Beneath him the clouds had parted to
reveal the dark landscape. From their altitude the
world looked as it always had. Vast olive-brown
plains, like sheets of skin, rended and folded,
were cut by flowing, incandescent rivers of lava
and pocked by scattered outposts, pin-cushioned
with fiery-tipped towers. The fires of Hell still
blazed, at least, and Eligor had tried to convince
himself that all was as it had been.
On they flew, their spirits beginning
to lift, but when they entered Sargatanas’ wards
all their fantasies vanished. There were virtually
no intact buildings to be seen, so complete had
been the need for its bricks, for its souls. Where
once had been laid out a vast and bustling city,
there now was a dismal grid of tumbled blocks and
foundations. Like some newly excavated ruin the
city of Adamantinarx lay exposed and broken, its
empty streets only discernible with the greatest
effort. Colossal statues stood tilted upon pillaged
pedestals, ornamental columns were strewn like
broken bones across avenues, and the once-active
river harbor was submerged for many blocks in the
absence of its former embankment.
Sargatanas’ palace had fared little
better. Looming up from the mount in the city’s
center, it looked dark and ominous. The immense,
domed building was pierced in a thousand places,
its walls ravaged for their bricks, allowing the
wind, cinders and ash to move freely within. Eligor
closed his eyes when he first saw the palace. Here
was the home of his lord, abandoned and subject to
the fury of Hell’s fierce elements. Empty.
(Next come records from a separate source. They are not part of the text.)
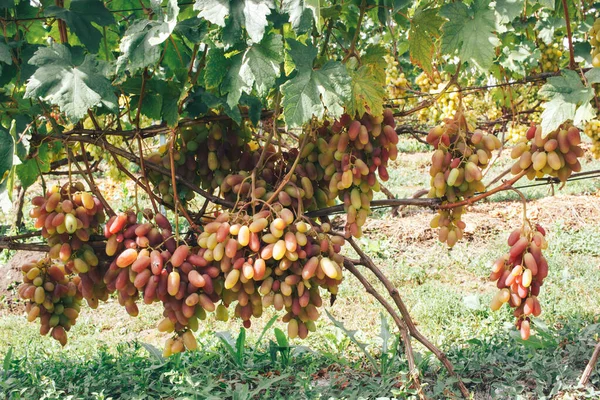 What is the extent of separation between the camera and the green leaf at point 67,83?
1453 millimetres

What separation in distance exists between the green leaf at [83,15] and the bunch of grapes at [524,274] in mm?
1305

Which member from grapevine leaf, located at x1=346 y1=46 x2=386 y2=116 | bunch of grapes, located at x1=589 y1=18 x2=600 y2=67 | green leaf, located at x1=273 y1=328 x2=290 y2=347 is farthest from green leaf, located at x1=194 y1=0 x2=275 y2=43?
green leaf, located at x1=273 y1=328 x2=290 y2=347

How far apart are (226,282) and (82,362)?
2199 mm

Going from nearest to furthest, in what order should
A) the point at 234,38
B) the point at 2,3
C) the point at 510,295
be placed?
the point at 234,38 → the point at 2,3 → the point at 510,295

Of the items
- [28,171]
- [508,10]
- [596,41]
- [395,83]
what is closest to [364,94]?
[508,10]

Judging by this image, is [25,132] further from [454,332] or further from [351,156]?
[454,332]

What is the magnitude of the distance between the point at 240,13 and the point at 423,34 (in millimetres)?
639

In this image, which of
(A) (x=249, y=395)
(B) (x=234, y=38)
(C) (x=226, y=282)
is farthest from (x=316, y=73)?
(A) (x=249, y=395)

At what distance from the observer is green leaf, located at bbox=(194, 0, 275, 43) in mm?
1275

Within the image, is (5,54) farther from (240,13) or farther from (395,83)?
(395,83)

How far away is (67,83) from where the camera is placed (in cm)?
148

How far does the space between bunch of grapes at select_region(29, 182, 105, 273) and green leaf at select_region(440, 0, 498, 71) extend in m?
1.04

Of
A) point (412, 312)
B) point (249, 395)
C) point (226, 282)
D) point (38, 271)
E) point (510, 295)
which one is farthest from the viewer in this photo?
point (412, 312)

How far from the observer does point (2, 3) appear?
1685mm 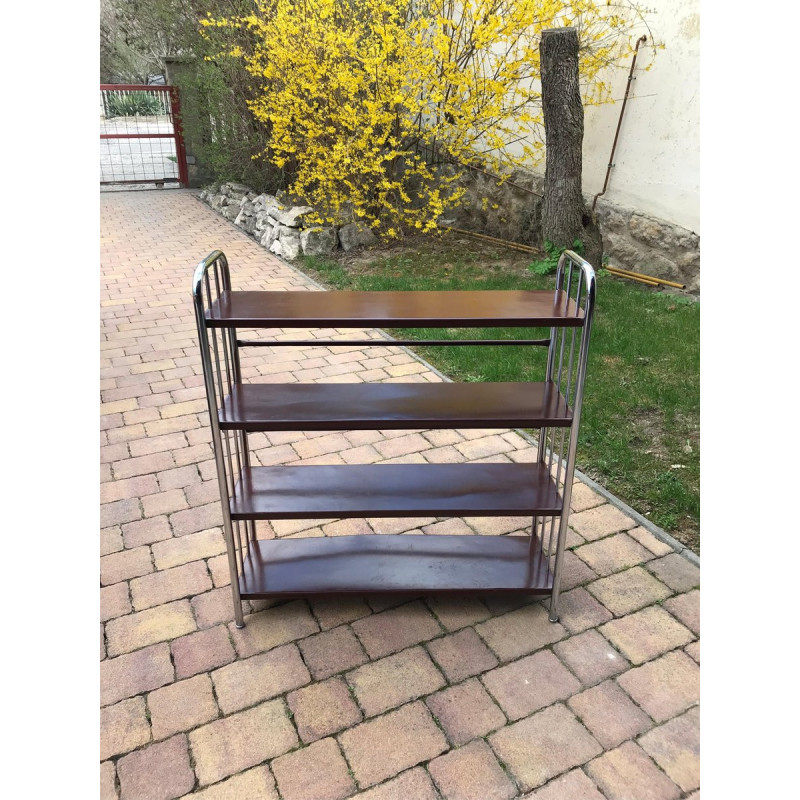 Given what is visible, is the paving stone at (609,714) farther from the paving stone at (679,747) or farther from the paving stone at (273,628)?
the paving stone at (273,628)

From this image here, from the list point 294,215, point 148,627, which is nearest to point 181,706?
point 148,627

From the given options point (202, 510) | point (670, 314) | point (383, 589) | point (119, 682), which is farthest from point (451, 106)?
point (119, 682)

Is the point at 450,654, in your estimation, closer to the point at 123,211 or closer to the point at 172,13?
the point at 123,211

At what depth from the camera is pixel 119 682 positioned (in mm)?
2219

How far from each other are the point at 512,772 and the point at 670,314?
440 centimetres

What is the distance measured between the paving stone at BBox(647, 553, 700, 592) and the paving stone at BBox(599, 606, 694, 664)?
0.18m

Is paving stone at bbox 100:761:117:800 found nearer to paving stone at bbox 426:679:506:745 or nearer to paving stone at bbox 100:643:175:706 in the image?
paving stone at bbox 100:643:175:706

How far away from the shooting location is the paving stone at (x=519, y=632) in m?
2.34

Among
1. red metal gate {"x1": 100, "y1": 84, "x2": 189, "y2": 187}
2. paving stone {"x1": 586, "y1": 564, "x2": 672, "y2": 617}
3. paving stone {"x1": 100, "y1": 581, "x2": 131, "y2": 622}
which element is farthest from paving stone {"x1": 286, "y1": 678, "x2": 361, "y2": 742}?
red metal gate {"x1": 100, "y1": 84, "x2": 189, "y2": 187}

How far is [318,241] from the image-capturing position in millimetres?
7656

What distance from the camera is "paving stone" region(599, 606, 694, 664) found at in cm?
232

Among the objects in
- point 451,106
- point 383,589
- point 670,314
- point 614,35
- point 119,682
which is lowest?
point 119,682

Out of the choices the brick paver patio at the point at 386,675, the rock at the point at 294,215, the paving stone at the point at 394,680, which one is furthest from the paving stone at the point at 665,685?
the rock at the point at 294,215

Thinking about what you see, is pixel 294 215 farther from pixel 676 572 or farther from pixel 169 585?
pixel 676 572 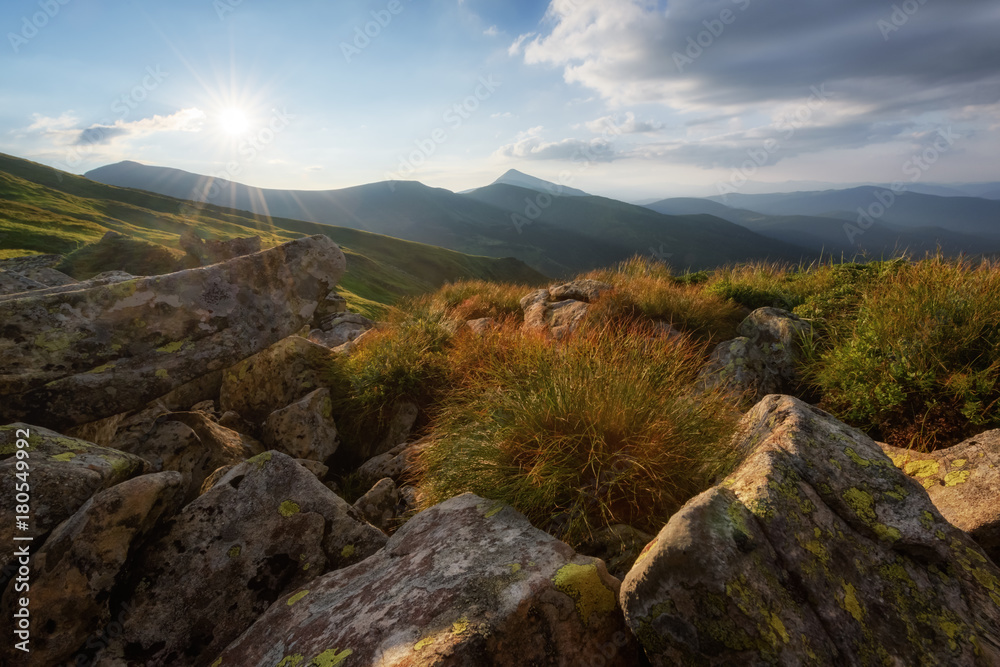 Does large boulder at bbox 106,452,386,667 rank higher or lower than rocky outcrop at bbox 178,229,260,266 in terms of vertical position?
lower

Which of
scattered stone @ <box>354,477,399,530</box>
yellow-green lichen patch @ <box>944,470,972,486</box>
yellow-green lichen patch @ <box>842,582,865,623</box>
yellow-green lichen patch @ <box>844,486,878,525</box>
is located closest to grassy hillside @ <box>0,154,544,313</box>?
scattered stone @ <box>354,477,399,530</box>

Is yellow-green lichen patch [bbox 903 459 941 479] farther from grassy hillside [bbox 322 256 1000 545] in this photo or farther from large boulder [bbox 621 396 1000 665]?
large boulder [bbox 621 396 1000 665]

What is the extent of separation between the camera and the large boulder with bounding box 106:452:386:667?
367 cm

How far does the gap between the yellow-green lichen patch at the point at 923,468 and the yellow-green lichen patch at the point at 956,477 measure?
13cm

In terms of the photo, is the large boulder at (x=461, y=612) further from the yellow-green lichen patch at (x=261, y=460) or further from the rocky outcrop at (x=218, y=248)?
the rocky outcrop at (x=218, y=248)

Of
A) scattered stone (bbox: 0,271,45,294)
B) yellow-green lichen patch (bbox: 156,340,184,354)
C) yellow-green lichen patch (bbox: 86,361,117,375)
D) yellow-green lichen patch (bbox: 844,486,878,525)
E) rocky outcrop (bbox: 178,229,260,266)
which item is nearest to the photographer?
yellow-green lichen patch (bbox: 844,486,878,525)

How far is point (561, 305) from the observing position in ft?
39.7

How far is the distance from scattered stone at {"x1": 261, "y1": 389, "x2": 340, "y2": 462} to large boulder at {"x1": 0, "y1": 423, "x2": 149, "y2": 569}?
2857 mm

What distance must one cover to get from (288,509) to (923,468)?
632cm

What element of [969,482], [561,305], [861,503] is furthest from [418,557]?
[561,305]

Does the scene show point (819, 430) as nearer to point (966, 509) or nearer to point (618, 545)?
point (966, 509)

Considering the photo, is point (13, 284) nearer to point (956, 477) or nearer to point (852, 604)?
point (852, 604)

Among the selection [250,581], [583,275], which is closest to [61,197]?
[583,275]

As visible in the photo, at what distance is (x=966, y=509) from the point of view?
3879 millimetres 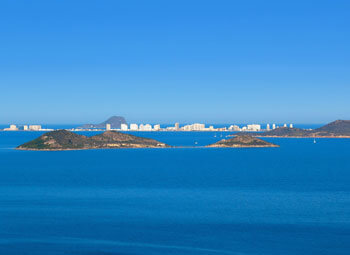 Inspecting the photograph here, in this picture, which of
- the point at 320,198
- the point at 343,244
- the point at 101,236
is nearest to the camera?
the point at 343,244

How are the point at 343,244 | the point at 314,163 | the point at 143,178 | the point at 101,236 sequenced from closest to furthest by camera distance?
1. the point at 343,244
2. the point at 101,236
3. the point at 143,178
4. the point at 314,163

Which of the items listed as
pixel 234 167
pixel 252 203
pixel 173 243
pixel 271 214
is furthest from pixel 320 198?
pixel 234 167

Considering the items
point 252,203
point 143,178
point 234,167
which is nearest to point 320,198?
point 252,203

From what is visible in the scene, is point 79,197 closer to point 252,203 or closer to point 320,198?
point 252,203

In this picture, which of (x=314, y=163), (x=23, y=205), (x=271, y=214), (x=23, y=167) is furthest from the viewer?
(x=314, y=163)

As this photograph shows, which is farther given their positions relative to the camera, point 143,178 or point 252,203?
point 143,178

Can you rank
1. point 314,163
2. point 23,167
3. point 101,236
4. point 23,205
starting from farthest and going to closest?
1. point 314,163
2. point 23,167
3. point 23,205
4. point 101,236

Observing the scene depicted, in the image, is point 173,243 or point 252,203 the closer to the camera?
point 173,243

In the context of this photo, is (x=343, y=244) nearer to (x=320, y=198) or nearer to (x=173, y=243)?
(x=173, y=243) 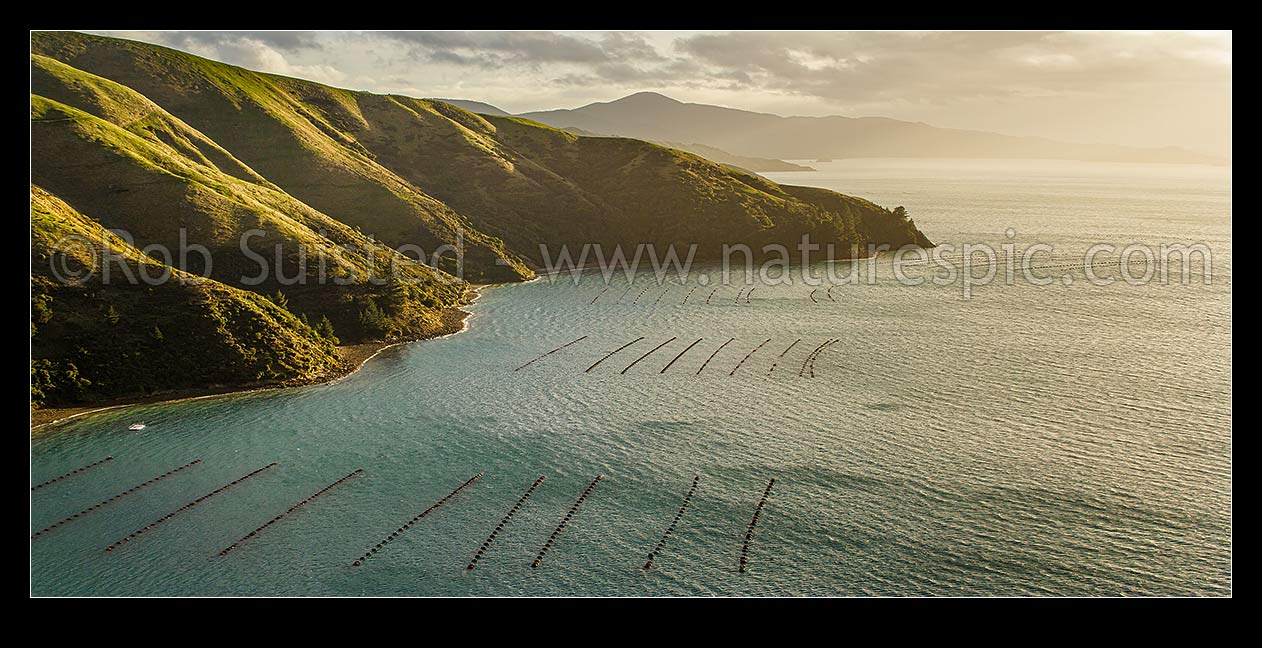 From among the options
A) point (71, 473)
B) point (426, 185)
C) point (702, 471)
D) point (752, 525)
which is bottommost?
point (752, 525)

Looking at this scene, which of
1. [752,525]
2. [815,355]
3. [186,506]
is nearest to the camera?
[752,525]

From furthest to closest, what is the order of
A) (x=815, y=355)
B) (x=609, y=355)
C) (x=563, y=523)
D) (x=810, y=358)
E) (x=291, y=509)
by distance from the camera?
(x=609, y=355) < (x=815, y=355) < (x=810, y=358) < (x=291, y=509) < (x=563, y=523)

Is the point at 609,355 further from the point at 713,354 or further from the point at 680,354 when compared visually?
the point at 713,354

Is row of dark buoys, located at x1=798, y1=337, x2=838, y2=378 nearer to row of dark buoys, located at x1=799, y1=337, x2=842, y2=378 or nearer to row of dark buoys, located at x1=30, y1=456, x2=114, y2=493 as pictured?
row of dark buoys, located at x1=799, y1=337, x2=842, y2=378

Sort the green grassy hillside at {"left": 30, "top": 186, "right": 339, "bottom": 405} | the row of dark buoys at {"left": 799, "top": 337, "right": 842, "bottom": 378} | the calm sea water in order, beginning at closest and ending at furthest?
1. the calm sea water
2. the green grassy hillside at {"left": 30, "top": 186, "right": 339, "bottom": 405}
3. the row of dark buoys at {"left": 799, "top": 337, "right": 842, "bottom": 378}

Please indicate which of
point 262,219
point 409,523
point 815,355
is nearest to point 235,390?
point 409,523

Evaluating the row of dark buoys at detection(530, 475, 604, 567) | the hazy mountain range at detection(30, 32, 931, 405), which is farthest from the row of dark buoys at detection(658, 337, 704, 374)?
the hazy mountain range at detection(30, 32, 931, 405)

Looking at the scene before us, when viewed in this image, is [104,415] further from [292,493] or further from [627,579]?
[627,579] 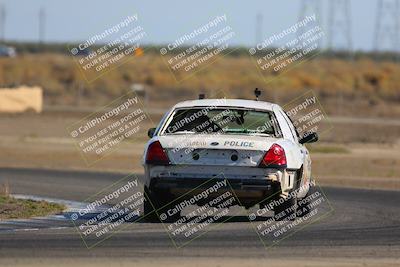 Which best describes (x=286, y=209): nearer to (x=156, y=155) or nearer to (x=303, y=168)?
(x=303, y=168)

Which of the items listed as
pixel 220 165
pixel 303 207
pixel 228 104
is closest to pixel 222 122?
pixel 228 104

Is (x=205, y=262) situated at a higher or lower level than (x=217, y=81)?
higher

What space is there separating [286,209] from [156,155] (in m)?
1.75

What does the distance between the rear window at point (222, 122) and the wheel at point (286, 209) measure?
0.86 meters

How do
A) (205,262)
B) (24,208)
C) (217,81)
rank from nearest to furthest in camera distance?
(205,262)
(24,208)
(217,81)

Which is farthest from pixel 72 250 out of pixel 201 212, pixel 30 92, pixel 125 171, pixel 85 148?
pixel 30 92

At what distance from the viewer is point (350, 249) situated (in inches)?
486

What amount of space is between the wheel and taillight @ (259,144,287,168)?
1.97ft

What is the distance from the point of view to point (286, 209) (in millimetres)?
14836

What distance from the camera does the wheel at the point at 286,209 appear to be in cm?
1483

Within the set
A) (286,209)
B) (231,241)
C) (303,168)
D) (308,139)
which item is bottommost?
(286,209)

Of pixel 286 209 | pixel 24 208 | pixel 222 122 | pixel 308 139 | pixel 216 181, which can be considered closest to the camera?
pixel 216 181

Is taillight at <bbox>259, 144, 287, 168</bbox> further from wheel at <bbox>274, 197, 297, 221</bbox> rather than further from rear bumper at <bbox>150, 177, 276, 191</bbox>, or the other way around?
wheel at <bbox>274, 197, 297, 221</bbox>

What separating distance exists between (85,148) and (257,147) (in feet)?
66.0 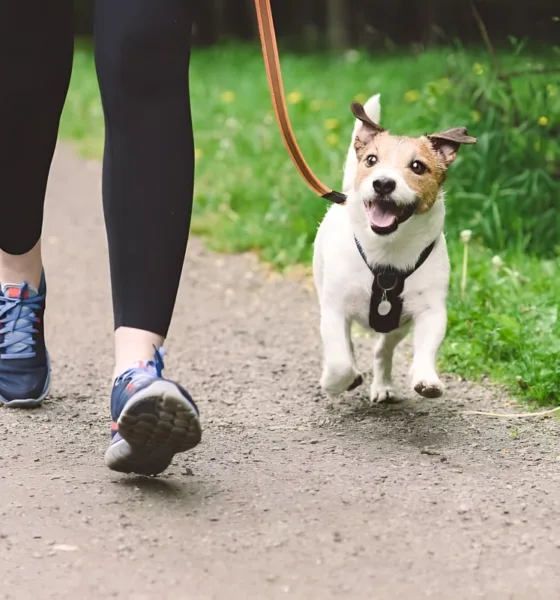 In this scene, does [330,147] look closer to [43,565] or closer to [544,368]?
[544,368]

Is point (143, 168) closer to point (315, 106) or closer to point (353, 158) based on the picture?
point (353, 158)

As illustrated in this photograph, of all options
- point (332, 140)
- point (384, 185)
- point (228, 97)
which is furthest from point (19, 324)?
point (228, 97)

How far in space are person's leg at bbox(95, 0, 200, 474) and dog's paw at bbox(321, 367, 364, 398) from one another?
0.80 m

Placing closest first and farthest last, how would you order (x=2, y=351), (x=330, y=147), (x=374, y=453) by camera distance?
1. (x=374, y=453)
2. (x=2, y=351)
3. (x=330, y=147)

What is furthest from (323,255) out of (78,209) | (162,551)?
(78,209)

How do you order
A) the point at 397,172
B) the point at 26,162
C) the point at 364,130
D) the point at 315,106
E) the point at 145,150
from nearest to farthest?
the point at 145,150, the point at 26,162, the point at 397,172, the point at 364,130, the point at 315,106

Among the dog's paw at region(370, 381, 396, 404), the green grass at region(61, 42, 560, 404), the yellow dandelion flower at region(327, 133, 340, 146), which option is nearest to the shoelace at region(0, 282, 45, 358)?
the dog's paw at region(370, 381, 396, 404)

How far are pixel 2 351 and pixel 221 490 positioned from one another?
3.15 feet

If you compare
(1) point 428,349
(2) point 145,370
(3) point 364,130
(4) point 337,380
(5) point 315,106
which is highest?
(5) point 315,106

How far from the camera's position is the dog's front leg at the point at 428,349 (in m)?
3.10

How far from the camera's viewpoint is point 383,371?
3.65 m

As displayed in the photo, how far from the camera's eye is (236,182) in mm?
7047

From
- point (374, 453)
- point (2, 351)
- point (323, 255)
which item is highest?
point (323, 255)

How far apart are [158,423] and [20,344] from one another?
3.34ft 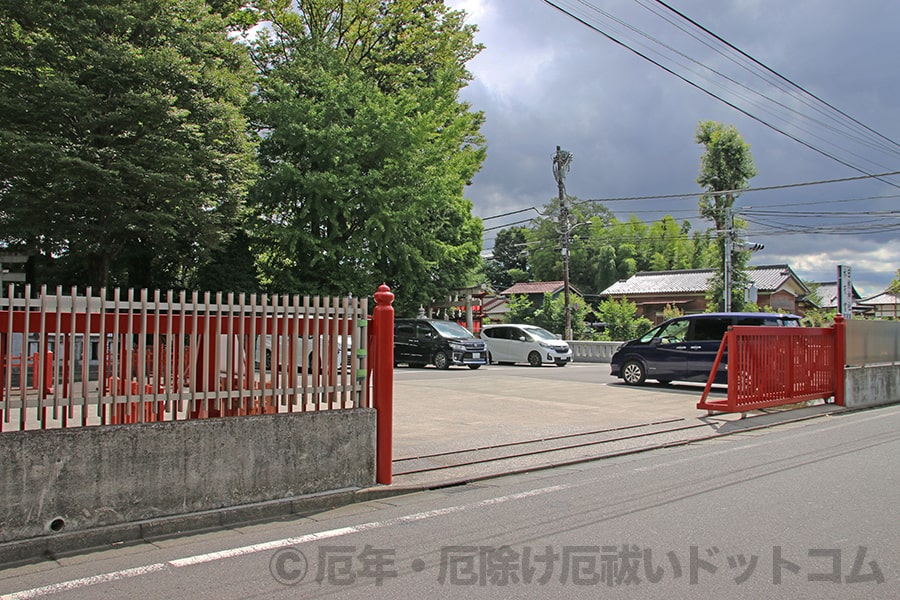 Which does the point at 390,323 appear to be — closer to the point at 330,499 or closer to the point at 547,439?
the point at 330,499

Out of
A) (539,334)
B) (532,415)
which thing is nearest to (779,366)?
(532,415)

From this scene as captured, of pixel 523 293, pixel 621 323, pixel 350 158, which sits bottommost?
pixel 621 323

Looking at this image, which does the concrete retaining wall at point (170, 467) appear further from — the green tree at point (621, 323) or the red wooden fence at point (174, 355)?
the green tree at point (621, 323)

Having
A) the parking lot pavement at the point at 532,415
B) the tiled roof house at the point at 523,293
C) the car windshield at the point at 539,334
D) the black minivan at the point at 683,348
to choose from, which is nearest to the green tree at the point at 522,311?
the tiled roof house at the point at 523,293

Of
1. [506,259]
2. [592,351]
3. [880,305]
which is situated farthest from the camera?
[506,259]

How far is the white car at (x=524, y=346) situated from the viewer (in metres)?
26.3

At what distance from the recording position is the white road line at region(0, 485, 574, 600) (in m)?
4.27

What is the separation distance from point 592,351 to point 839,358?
57.0 ft

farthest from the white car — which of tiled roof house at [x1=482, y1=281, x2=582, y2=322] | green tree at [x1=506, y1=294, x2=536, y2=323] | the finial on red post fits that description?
tiled roof house at [x1=482, y1=281, x2=582, y2=322]

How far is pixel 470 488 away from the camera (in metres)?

He and his traveling companions alit
upon the rim of the dome’s oculus and, wings
folded, peered down into the once-great Audience
Chamber. Nothing could be seen.
They descended into the darkness,
silently. As they dropped down, the only light came
from the fires guttering atop the Guard’s heads,
reflected as tiny pinpricks of flame that gleamed
back from the innumerable, distant gold columns
that ringed the space. It took many minutes to fall
to the floor and once there, many more for them to
cross the space to the exit, so great was the
chamber’s size. In the flickering flame-light they
could see only portions of the silver-white sigil -
his sigil - that was inlaid into the soot-covered
floor. Sorrow once again washed over them as they
looked at one another.
The party entered the wide corridors
and here the pierced walls allowed enough light
from outside to penetrate, creating an irregular
patchwork across the floor. Their muffled footsteps
echoed around them as they walked away from the
Audience Chamber. They did not bother to light the
torches that lined the walls, mostly because to do
so would reveal even more of the disarray. The
sighing wind from outside, they agreed, would have
extinguished them anyway.
They picked their way through the
palace, stepping around tipped-over cases, torn
tapestries, smashed friezes and tiles and the rich
furnishings that had given their lord his little
pleasure. All were covered in mounds of ash which,
when kicked up, suffused the hallways with a dense,
choking fog.
Eligor was the first to enter the
Library and all could hear his sharp intake of
breath upon seeing the devastation. He had spent so
much of his time there, most of it with his lord.
They wended their way through the giant piles of
enormous, heavy books pulled from the shelves and
left in moldering tumuli. The wind whistled over
them, rustling the pages back and forth, blowing
ash and bits of parchment in small whirlwinds
around them like swirling motes of memories.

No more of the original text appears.